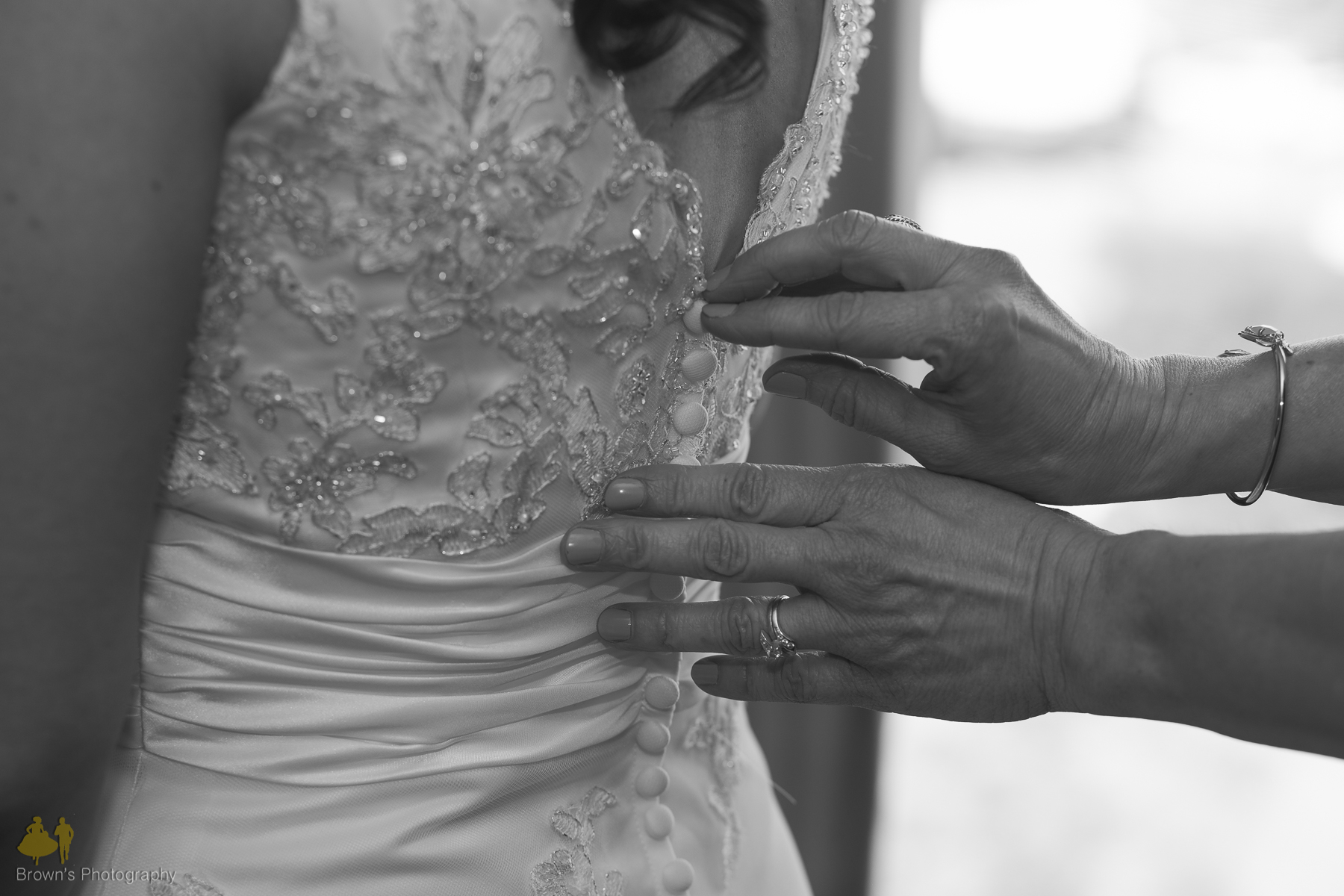 wedding-12.jpg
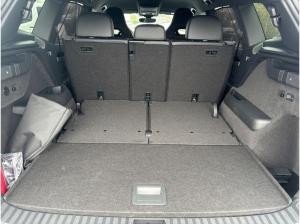 Volkswagen Tayron R-Line TDI 4MOTION DSG*7Sitzer*AHK*BlackStyle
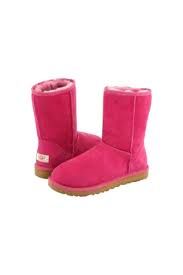 hot pink uggs boots - Google Search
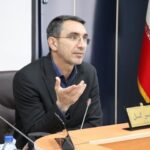 مدیرکل آموزش و پرورش لرستان: ارزشیابی ابتدایی توصیفی و فرآیندی است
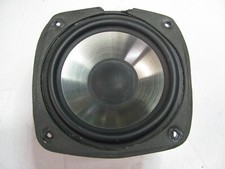 Mirage omnisat 4.5 for sale  Littleton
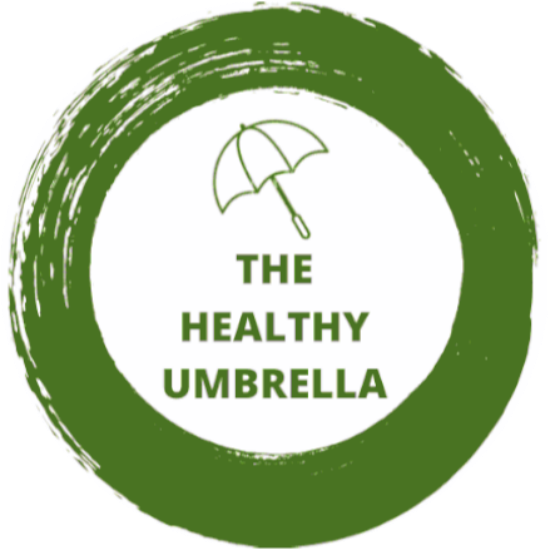 The Healthy Umbrella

▶ Problem statement: Your copy should start at the line with "hot pink uggs boots - Google Search", stop at the last line of the listing above, match exactly, and contain no pictures.

▶ Output:
 hot pink uggs boots - Google Search
 مدیرکل آموزش و پرورش لرستان: ارزشیابی ابتدایی توصیفی و فرآیندی است
 Mirage omnisat 4.5 for sale  Littleton
 The Healthy Umbrella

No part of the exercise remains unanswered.